MATERIAL PROVIDED

---*---

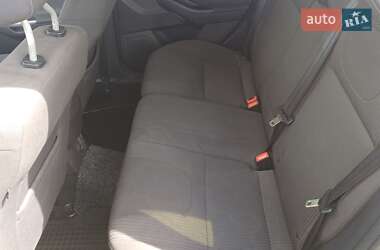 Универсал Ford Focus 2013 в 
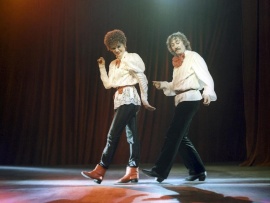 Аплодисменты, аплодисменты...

---*---

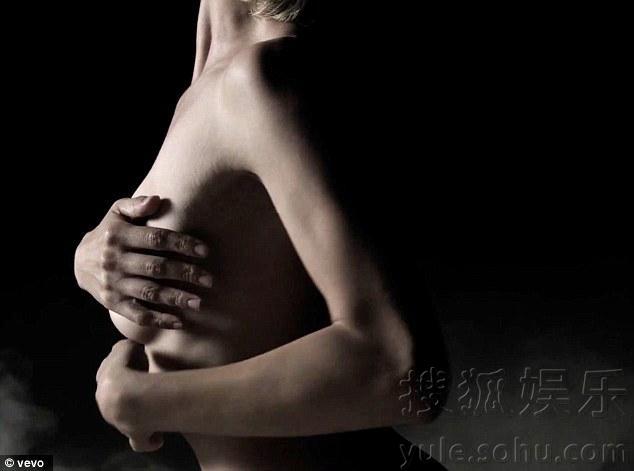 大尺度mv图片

---*---

WORK TO BE COMPLETED
Give exactly the lines above that run from the line with "Универсал Ford Focus 2013 в" to the line with "Аплодисменты, аплодисменты...", both included, leaving every picture out.

WRITTEN REPLY
 Универсал Ford Focus 2013 в 
 Аплодисменты, аплодисменты...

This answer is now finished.